In the entries below, go to the line containing "Bureau de direction" and repeat it along with every later line, exactly.

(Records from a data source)

"""

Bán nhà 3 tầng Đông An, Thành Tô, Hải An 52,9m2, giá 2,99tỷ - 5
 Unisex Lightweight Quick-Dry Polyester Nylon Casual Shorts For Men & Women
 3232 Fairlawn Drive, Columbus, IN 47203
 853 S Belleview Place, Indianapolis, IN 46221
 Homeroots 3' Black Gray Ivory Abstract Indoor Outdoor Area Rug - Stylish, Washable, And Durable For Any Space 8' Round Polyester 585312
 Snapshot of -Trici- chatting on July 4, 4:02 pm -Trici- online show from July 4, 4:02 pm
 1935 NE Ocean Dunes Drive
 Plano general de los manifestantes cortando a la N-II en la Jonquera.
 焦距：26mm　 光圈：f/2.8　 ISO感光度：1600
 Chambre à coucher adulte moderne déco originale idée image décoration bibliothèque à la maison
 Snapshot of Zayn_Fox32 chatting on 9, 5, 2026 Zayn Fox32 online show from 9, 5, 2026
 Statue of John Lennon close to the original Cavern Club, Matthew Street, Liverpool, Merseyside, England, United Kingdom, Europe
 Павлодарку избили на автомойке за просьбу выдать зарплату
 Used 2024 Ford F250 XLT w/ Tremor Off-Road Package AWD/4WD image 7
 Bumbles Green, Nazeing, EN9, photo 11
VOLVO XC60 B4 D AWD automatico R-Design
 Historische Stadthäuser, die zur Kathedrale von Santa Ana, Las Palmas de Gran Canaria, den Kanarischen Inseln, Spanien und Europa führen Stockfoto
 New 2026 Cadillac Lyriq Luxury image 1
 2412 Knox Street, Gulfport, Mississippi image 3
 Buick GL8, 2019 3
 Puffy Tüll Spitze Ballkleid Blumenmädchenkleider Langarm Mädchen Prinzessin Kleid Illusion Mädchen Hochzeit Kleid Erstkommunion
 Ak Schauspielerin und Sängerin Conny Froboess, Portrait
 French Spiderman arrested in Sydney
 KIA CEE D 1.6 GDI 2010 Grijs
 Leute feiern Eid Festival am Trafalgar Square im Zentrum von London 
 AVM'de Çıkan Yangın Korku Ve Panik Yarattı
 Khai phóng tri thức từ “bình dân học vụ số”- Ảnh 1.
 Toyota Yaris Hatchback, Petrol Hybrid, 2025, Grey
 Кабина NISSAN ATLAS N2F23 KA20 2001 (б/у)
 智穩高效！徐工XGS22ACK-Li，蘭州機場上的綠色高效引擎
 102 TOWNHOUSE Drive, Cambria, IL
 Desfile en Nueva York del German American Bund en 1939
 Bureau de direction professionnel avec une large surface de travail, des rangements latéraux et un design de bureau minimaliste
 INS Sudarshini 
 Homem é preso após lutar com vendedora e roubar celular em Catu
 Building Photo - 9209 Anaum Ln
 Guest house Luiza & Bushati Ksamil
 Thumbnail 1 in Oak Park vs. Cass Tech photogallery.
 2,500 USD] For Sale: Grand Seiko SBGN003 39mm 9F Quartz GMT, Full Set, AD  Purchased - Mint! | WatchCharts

"""

Expected answer:
 Bureau de direction professionnel avec une large surface de travail, des rangements latéraux et un design de bureau minimaliste
 INS Sudarshini 
 Homem é preso após lutar com vendedora e roubar celular em Catu
 Building Photo - 9209 Anaum Ln
 Guest house Luiza & Bushati Ksamil
 Thumbnail 1 in Oak Park vs. Cass Tech photogallery.
 2,500 USD] For Sale: Grand Seiko SBGN003 39mm 9F Quartz GMT, Full Set, AD  Purchased - Mint! | WatchCharts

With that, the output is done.